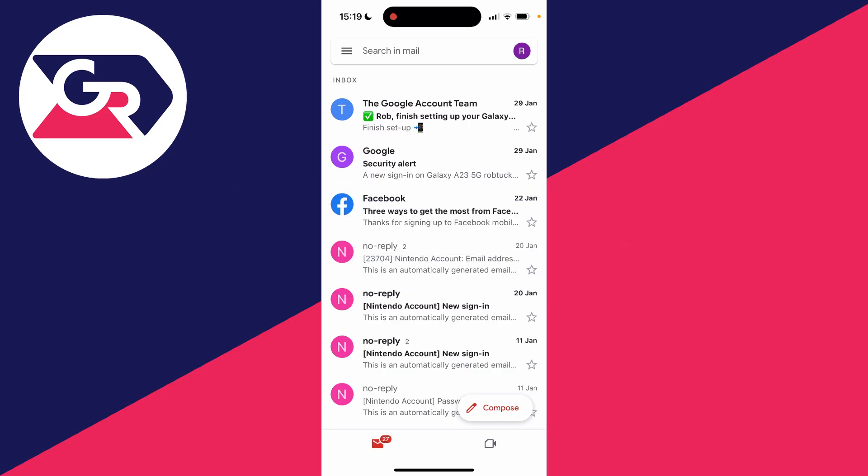You can follow this guide on both a phone and a computer. And just to make it clear, because we're changing our Gmail password, we're changing the password for our entire Google account.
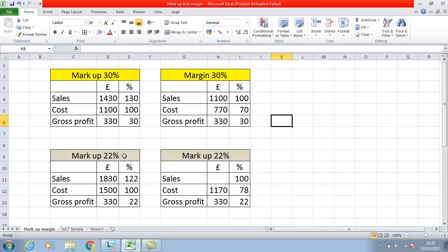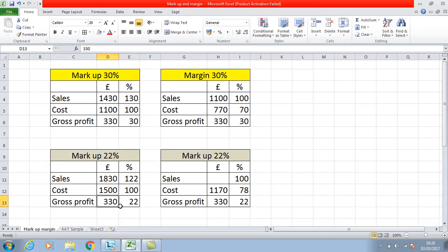I've equally applied the same concept using a 22% markup with £330. So £330 divided by 22 gives you the 1%, and multiplied by 122 would give you £1,830. If the question was what would the gross profit be if your sales were £1,830 and you had a markup of 22%, you apply the same concept: £1,830 divided by 122, then multiplied by 22, gives you £330.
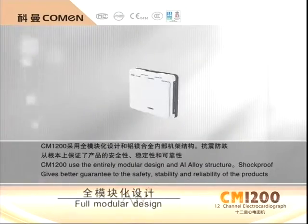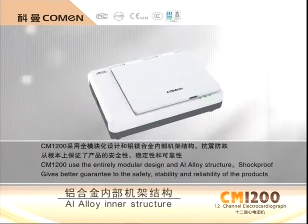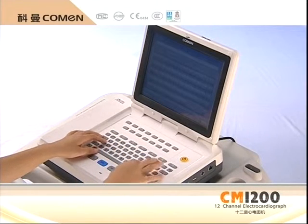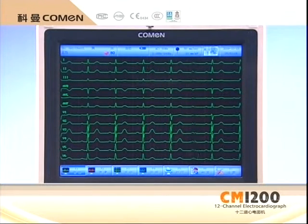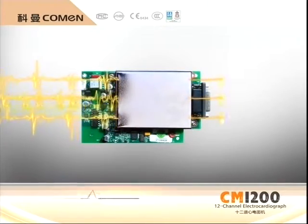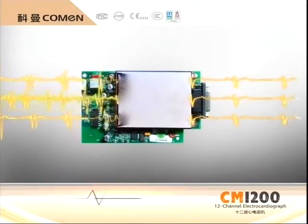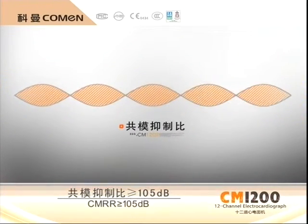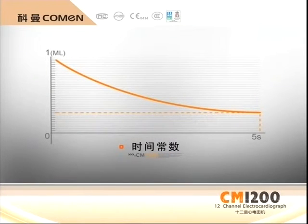The CM1200 adopts a modularization design and a die-cast magnesium alloy inner frame structure, featuring shock-proof and drop resistance that ensures the safety, stability, and reliability of the product. Because CM1200 applies digital filter design, it is resistant to baseline drift, enjoys powerful interference resistance, incorporates outstanding sensitivity, and provides a more stable and accurate ECG wave.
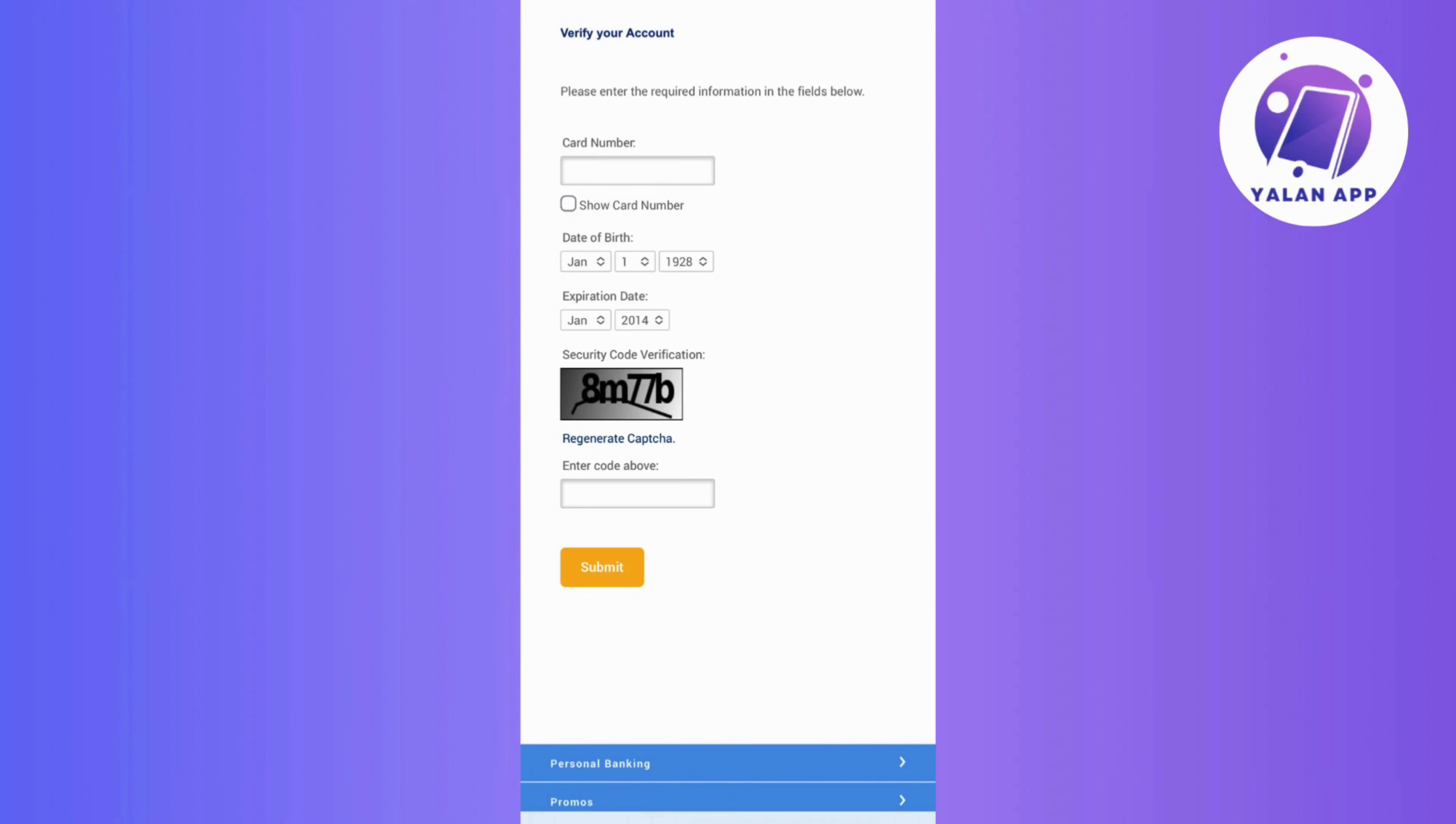Now, once you're there, just input the essential credit card details like the card number, date of birth, expiration date, and for added security, enter the CAPTCHA.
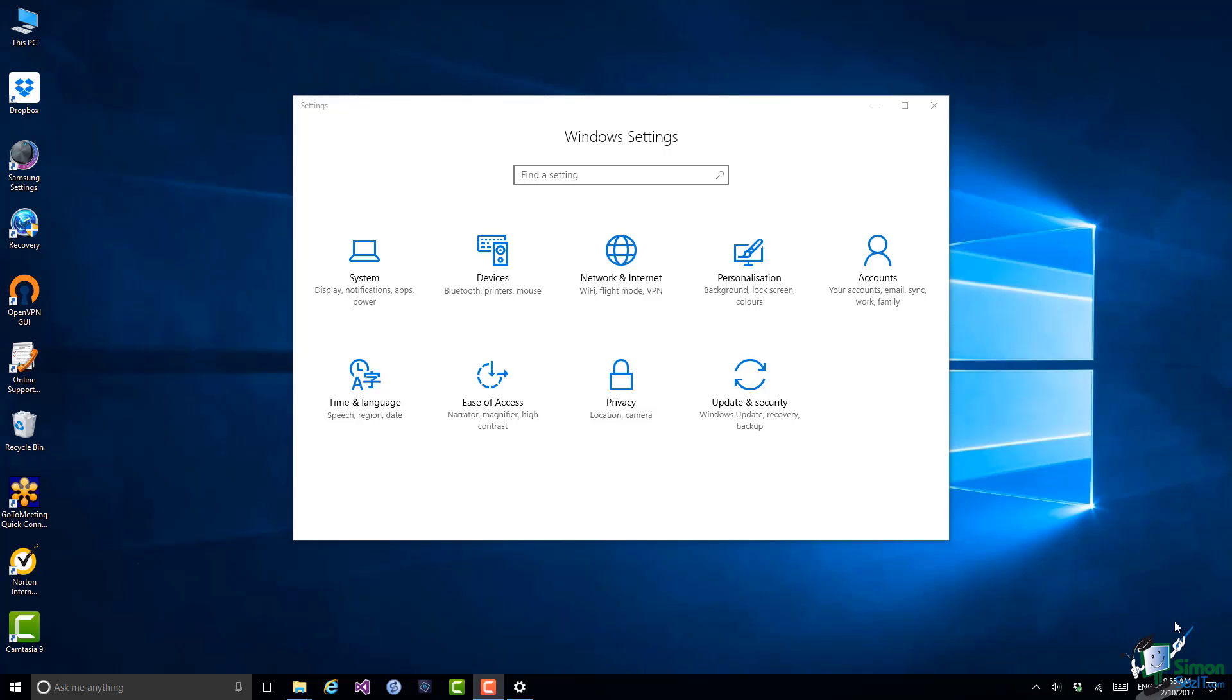Hello again and welcome back to our course on Windows 10. In this section we're going to look at power options and power saving.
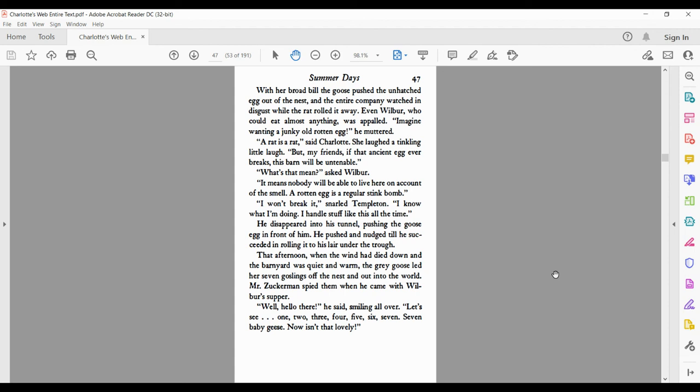Mr. Zuckerman spied them when he came with Wilbur's supper. Well, hello there, he said, smiling all over. Let's see. One, two, three, four, five, six, seven. Seven baby geese. Now isn't that lovely?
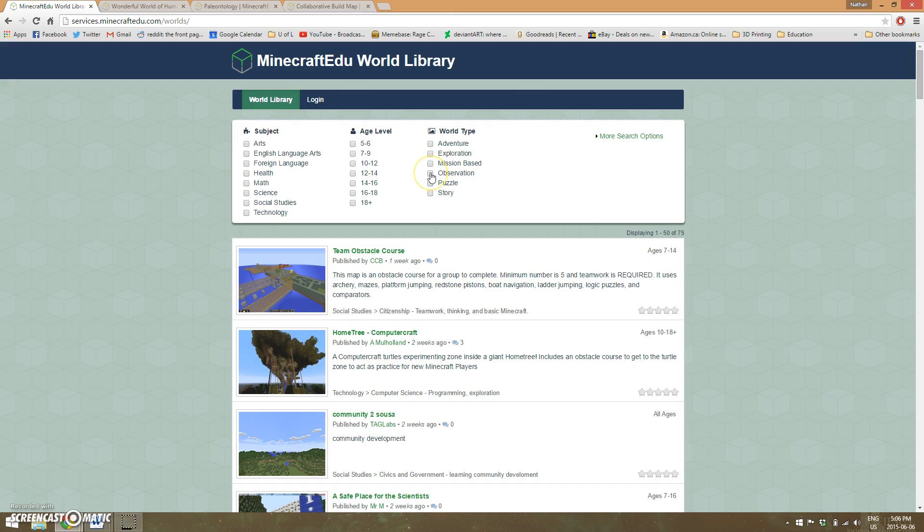Observation worlds have them go in and see what they see. Puzzles have them solve specific puzzles. But this is less important than subject and age level.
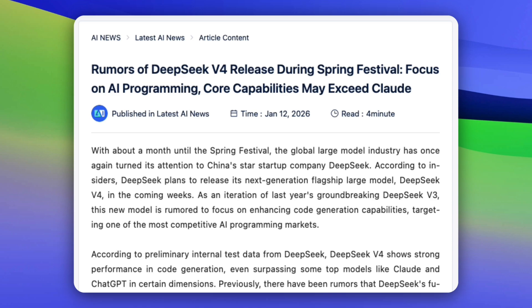Third, and this is the headline: coding-first performance. Internal tests reportedly show version 4 outperforming Claude and ChatGPT in certain coding dimensions — especially long code generation, multi-file reasoning, and maintaining structure over time. If that is true, the implications are big. Because an open, cost-efficient, coding-first model changes who can build serious software with AI.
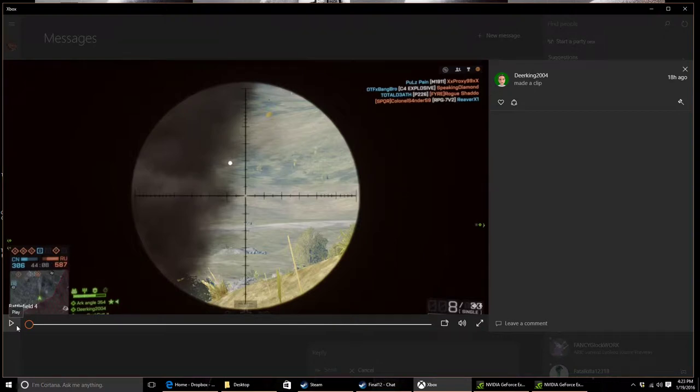Hello everybody, it's Elite 789. Yesterday I was playing on the Xbox One with my friend DeerKing2004, as you can see right here.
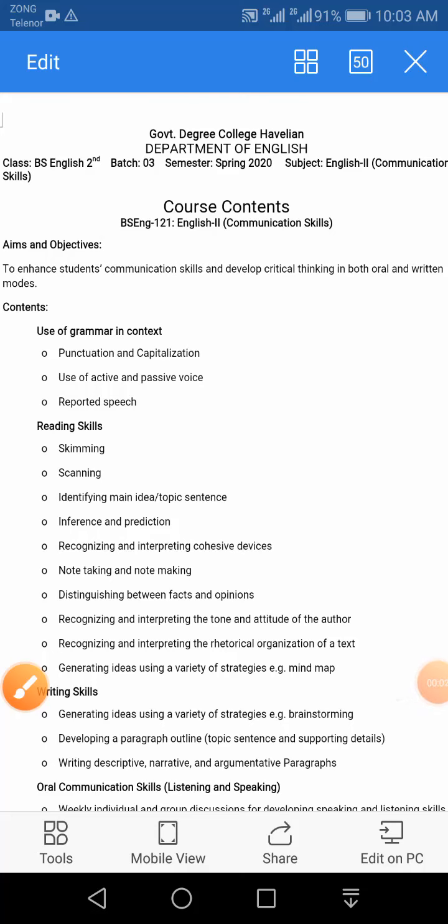Assalamu alaikum, this is Rustam, and I'm recording this lecture for BS second semester students who study Communication Skills, English Second, at Government Degree College of Avalia.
◆ ◆ ◆ ◆ ◆
Your objective:
Pictures in the entries do not go into the copy. Print only the lines starting at the one containing "Hello again and" and ending at the one containing "Mr. Zuckerman spied", exactly as they appear.

Exercise solution:
Hello again and welcome back to our course on Windows 10. In this section we're going to look at power options and power saving.
Mr. Zuckerman spied them when he came with Wilbur's supper. Well, hello there, he said, smiling all over. Let's see. One, two, three, four, five, six, seven. Seven baby geese. Now isn't that lovely?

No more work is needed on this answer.